• [Input for this task]:
++++++
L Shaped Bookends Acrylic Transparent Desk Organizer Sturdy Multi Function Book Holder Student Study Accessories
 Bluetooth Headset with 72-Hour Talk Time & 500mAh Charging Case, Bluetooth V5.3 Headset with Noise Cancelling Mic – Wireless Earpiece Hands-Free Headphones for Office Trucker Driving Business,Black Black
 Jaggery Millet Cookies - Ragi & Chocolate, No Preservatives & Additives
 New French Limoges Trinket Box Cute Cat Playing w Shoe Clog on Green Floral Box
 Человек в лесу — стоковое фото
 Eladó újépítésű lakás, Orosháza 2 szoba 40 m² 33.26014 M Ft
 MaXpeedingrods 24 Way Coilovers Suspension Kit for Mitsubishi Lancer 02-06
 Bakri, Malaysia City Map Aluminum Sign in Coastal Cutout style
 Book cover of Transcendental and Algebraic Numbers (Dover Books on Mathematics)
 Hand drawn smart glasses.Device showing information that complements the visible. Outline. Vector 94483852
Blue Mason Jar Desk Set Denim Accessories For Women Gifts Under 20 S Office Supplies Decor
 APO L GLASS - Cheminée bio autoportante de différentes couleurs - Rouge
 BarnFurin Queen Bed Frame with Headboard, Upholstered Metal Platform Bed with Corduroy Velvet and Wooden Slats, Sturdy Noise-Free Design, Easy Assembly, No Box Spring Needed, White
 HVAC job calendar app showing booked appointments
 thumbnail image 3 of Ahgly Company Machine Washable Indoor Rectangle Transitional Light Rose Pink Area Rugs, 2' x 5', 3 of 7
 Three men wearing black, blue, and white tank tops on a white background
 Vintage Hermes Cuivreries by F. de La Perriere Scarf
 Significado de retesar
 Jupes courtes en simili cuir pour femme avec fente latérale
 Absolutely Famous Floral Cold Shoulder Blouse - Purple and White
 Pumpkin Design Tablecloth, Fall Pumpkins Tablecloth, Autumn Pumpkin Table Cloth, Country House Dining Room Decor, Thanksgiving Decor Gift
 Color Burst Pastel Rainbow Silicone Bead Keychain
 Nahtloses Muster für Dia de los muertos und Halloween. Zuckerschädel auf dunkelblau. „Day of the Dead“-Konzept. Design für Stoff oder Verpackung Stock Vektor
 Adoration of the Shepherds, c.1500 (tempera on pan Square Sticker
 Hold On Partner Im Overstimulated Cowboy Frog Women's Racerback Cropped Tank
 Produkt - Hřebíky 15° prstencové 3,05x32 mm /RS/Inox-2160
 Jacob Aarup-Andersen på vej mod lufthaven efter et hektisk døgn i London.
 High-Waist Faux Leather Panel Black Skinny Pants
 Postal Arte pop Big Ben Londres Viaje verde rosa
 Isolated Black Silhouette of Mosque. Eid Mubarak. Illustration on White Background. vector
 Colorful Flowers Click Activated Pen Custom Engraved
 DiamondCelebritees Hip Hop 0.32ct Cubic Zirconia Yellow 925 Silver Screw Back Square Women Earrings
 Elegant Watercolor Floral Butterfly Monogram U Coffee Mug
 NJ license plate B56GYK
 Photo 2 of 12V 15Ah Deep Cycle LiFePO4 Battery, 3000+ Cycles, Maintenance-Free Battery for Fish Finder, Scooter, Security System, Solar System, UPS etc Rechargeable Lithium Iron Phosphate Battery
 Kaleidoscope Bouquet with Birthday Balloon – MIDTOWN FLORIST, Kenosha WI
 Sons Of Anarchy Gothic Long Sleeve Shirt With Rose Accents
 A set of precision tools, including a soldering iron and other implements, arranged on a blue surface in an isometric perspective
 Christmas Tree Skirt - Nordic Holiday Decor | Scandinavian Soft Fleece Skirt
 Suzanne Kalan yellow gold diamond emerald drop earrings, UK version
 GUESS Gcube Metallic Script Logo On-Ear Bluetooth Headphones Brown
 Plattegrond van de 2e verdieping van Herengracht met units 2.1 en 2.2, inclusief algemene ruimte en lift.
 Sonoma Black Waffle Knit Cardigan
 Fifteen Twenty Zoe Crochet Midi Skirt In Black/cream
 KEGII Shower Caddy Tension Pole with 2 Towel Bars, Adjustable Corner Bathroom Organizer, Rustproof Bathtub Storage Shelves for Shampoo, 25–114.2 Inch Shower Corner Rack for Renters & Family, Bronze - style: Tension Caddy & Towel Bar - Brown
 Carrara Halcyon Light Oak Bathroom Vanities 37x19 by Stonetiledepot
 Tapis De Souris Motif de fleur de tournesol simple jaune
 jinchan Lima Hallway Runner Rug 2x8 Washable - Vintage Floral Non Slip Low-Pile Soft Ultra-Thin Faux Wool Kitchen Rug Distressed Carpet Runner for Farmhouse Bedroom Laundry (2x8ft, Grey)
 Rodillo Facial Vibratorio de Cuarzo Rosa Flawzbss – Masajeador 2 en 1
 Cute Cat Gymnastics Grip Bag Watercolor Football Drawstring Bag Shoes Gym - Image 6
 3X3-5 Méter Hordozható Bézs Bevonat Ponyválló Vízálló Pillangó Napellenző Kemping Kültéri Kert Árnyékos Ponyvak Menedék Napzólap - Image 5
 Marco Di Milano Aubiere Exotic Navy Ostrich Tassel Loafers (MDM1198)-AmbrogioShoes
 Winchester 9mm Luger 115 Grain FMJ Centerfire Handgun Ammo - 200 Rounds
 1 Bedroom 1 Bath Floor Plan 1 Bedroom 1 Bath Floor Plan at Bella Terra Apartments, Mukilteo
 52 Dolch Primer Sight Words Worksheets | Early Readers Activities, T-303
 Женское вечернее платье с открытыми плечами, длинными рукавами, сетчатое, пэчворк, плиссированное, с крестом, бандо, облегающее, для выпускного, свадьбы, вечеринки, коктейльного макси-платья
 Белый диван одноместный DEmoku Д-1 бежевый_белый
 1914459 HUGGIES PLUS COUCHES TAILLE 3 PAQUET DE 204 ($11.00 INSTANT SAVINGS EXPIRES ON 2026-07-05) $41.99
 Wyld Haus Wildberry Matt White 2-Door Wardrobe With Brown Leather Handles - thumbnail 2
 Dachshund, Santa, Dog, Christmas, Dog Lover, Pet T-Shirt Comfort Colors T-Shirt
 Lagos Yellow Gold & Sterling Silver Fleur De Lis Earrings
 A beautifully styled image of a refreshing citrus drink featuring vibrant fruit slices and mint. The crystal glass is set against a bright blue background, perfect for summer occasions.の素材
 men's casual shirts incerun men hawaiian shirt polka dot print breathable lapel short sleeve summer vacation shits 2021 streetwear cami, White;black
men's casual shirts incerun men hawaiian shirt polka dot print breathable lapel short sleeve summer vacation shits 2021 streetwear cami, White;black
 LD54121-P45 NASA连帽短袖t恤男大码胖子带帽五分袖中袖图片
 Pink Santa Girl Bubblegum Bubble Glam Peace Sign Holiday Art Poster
++++++
• [Assigned task]:
Please repeat every entry, exactly as it was written.

• [Response to the task]:
L Shaped Bookends Acrylic Transparent Desk Organizer Sturdy Multi Function Book Holder Student Study Accessories
 Bluetooth Headset with 72-Hour Talk Time & 500mAh Charging Case, Bluetooth V5.3 Headset with Noise Cancelling Mic – Wireless Earpiece Hands-Free Headphones for Office Trucker Driving Business,Black Black
 Jaggery Millet Cookies - Ragi & Chocolate, No Preservatives & Additives
 New French Limoges Trinket Box Cute Cat Playing w Shoe Clog on Green Floral Box
 Человек в лесу — стоковое фото
 Eladó újépítésű lakás, Orosháza 2 szoba 40 m² 33.26014 M Ft
 MaXpeedingrods 24 Way Coilovers Suspension Kit for Mitsubishi Lancer 02-06
 Bakri, Malaysia City Map Aluminum Sign in Coastal Cutout style
 Book cover of Transcendental and Algebraic Numbers (Dover Books on Mathematics)
 Hand drawn smart glasses.Device showing information that complements the visible. Outline. Vector 94483852
Blue Mason Jar Desk Set Denim Accessories For Women Gifts Under 20 S Office Supplies Decor
 APO L GLASS - Cheminée bio autoportante de différentes couleurs - Rouge
 BarnFurin Queen Bed Frame with Headboard, Upholstered Metal Platform Bed with Corduroy Velvet and Wooden Slats, Sturdy Noise-Free Design, Easy Assembly, No Box Spring Needed, White
 HVAC job calendar app showing booked appointments
 thumbnail image 3 of Ahgly Company Machine Washable Indoor Rectangle Transitional Light Rose Pink Area Rugs, 2' x 5', 3 of 7
 Three men wearing black, blue, and white tank tops on a white background
 Vintage Hermes Cuivreries by F. de La Perriere Scarf
 Significado de retesar
 Jupes courtes en simili cuir pour femme avec fente latérale
 Absolutely Famous Floral Cold Shoulder Blouse - Purple and White
 Pumpkin Design Tablecloth, Fall Pumpkins Tablecloth, Autumn Pumpkin Table Cloth, Country House Dining Room Decor, Thanksgiving Decor Gift
 Color Burst Pastel Rainbow Silicone Bead Keychain
 Nahtloses Muster für Dia de los muertos und Halloween. Zuckerschädel auf dunkelblau. „Day of the Dead“-Konzept. Design für Stoff oder Verpackung Stock Vektor
 Adoration of the Shepherds, c.1500 (tempera on pan Square Sticker
 Hold On Partner Im Overstimulated Cowboy Frog Women's Racerback Cropped Tank
 Produkt - Hřebíky 15° prstencové 3,05x32 mm /RS/Inox-2160
 Jacob Aarup-Andersen på vej mod lufthaven efter et hektisk døgn i London.
 High-Waist Faux Leather Panel Black Skinny Pants
 Postal Arte pop Big Ben Londres Viaje verde rosa
 Isolated Black Silhouette of Mosque. Eid Mubarak. Illustration on White Background. vector
 Colorful Flowers Click Activated Pen Custom Engraved
 DiamondCelebritees Hip Hop 0.32ct Cubic Zirconia Yellow 925 Silver Screw Back Square Women Earrings
 Elegant Watercolor Floral Butterfly Monogram U Coffee Mug
 NJ license plate B56GYK
 Photo 2 of 12V 15Ah Deep Cycle LiFePO4 Battery, 3000+ Cycles, Maintenance-Free Battery for Fish Finder, Scooter, Security System, Solar System, UPS etc Rechargeable Lithium Iron Phosphate Battery
 Kaleidoscope Bouquet with Birthday Balloon – MIDTOWN FLORIST, Kenosha WI
 Sons Of Anarchy Gothic Long Sleeve Shirt With Rose Accents
 A set of precision tools, including a soldering iron and other implements, arranged on a blue surface in an isometric perspective
 Christmas Tree Skirt - Nordic Holiday Decor | Scandinavian Soft Fleece Skirt
 Suzanne Kalan yellow gold diamond emerald drop earrings, UK version
 GUESS Gcube Metallic Script Logo On-Ear Bluetooth Headphones Brown
 Plattegrond van de 2e verdieping van Herengracht met units 2.1 en 2.2, inclusief algemene ruimte en lift.
 Sonoma Black Waffle Knit Cardigan
 Fifteen Twenty Zoe Crochet Midi Skirt In Black/cream
 KEGII Shower Caddy Tension Pole with 2 Towel Bars, Adjustable Corner Bathroom Organizer, Rustproof Bathtub Storage Shelves for Shampoo, 25–114.2 Inch Shower Corner Rack for Renters & Family, Bronze - style: Tension Caddy & Towel Bar - Brown
 Carrara Halcyon Light Oak Bathroom Vanities 37x19 by Stonetiledepot
 Tapis De Souris Motif de fleur de tournesol simple jaune
 jinchan Lima Hallway Runner Rug 2x8 Washable - Vintage Floral Non Slip Low-Pile Soft Ultra-Thin Faux Wool Kitchen Rug Distressed Carpet Runner for Farmhouse Bedroom Laundry (2x8ft, Grey)
 Rodillo Facial Vibratorio de Cuarzo Rosa Flawzbss – Masajeador 2 en 1
 Cute Cat Gymnastics Grip Bag Watercolor Football Drawstring Bag Shoes Gym - Image 6
 3X3-5 Méter Hordozható Bézs Bevonat Ponyválló Vízálló Pillangó Napellenző Kemping Kültéri Kert Árnyékos Ponyvak Menedék Napzólap - Image 5
 Marco Di Milano Aubiere Exotic Navy Ostrich Tassel Loafers (MDM1198)-AmbrogioShoes
 Winchester 9mm Luger 115 Grain FMJ Centerfire Handgun Ammo - 200 Rounds
 1 Bedroom 1 Bath Floor Plan 1 Bedroom 1 Bath Floor Plan at Bella Terra Apartments, Mukilteo
 52 Dolch Primer Sight Words Worksheets | Early Readers Activities, T-303
 Женское вечернее платье с открытыми плечами, длинными рукавами, сетчатое, пэчворк, плиссированное, с крестом, бандо, облегающее, для выпускного, свадьбы, вечеринки, коктейльного макси-платья
 Белый диван одноместный DEmoku Д-1 бежевый_белый
 1914459 HUGGIES PLUS COUCHES TAILLE 3 PAQUET DE 204 ($11.00 INSTANT SAVINGS EXPIRES ON 2026-07-05) $41.99
 Wyld Haus Wildberry Matt White 2-Door Wardrobe With Brown Leather Handles - thumbnail 2
 Dachshund, Santa, Dog, Christmas, Dog Lover, Pet T-Shirt Comfort Colors T-Shirt
 Lagos Yellow Gold & Sterling Silver Fleur De Lis Earrings
 A beautifully styled image of a refreshing citrus drink featuring vibrant fruit slices and mint. The crystal glass is set against a bright blue background, perfect for summer occasions.の素材
 men's casual shirts incerun men hawaiian shirt polka dot print breathable lapel short sleeve summer vacation shits 2021 streetwear cami, White;black
men's casual shirts incerun men hawaiian shirt polka dot print breathable lapel short sleeve summer vacation shits 2021 streetwear cami, White;black
 LD54121-P45 NASA连帽短袖t恤男大码胖子带帽五分袖中袖图片
 Pink Santa Girl Bubblegum Bubble Glam Peace Sign Holiday Art Poster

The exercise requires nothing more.